**What is being asked**
Find "Bébé mange avec un couvert pour bébé ​", then copy its line and every later line of the entries exactly through the end, leaving all pictures out.

Brief descriptive captions
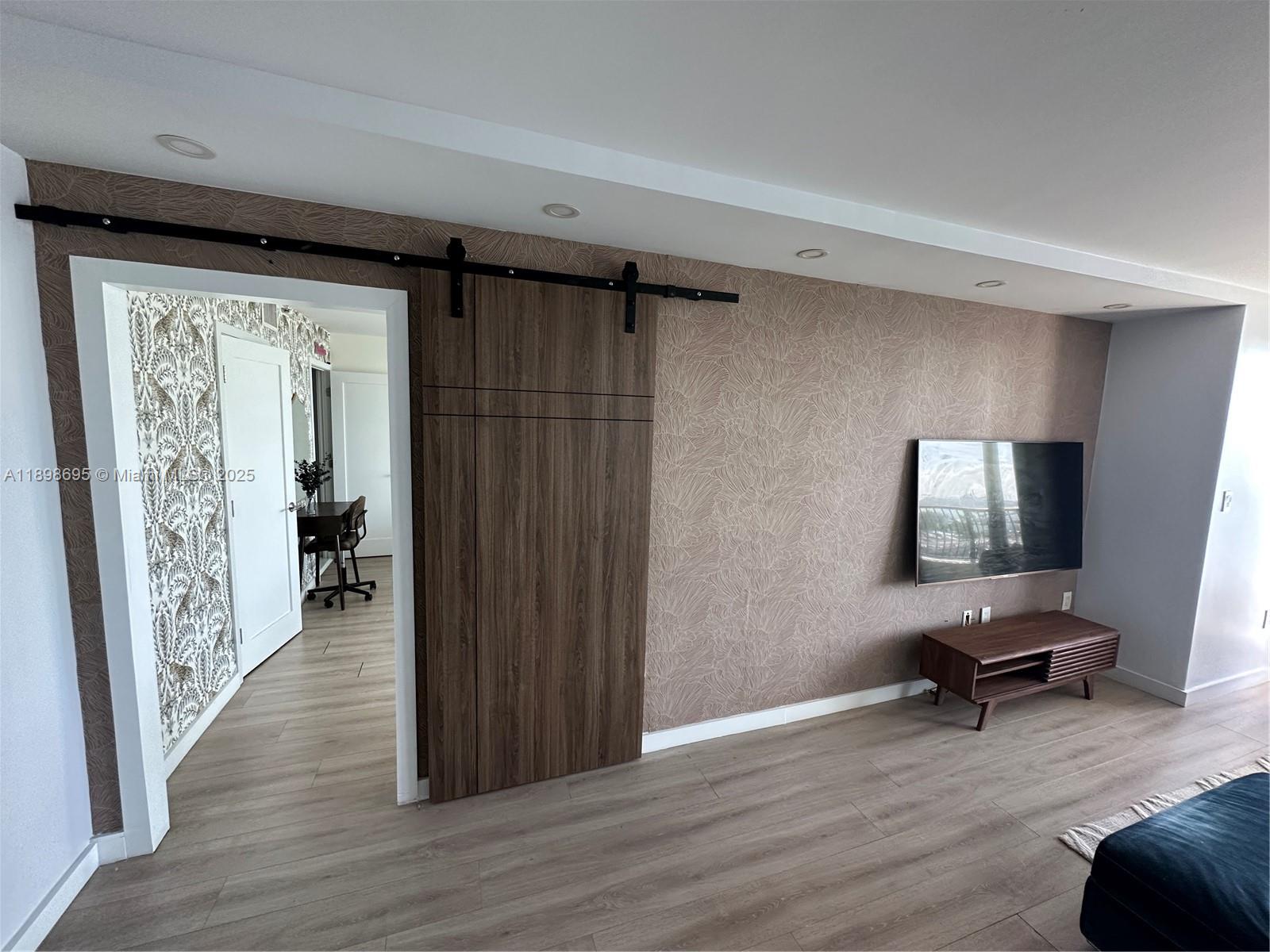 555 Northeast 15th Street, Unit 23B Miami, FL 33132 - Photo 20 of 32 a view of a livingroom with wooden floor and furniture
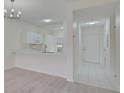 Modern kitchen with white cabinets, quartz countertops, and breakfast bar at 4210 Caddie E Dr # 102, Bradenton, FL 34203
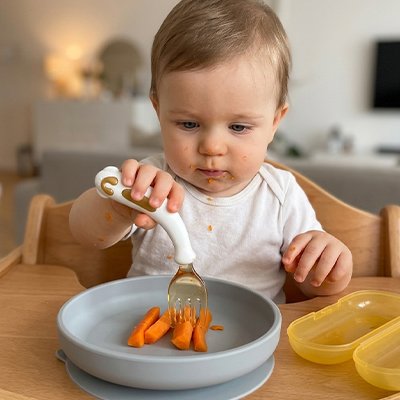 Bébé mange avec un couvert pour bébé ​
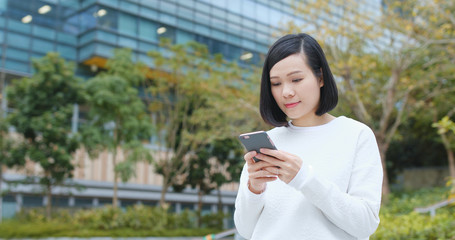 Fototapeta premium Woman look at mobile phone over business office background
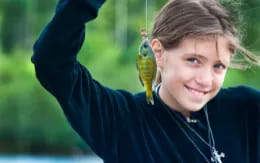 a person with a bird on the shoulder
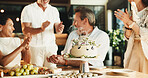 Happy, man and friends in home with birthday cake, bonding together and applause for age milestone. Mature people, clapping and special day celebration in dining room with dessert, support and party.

**Output for this exercise**
 Bébé mange avec un couvert pour bébé ​
 Fototapeta premium Woman look at mobile phone over business office background
 a person with a bird on the shoulder
 Happy, man and friends in home with birthday cake, bonding together and applause for age milestone. Mature people, clapping and special day celebration in dining room with dessert, support and party.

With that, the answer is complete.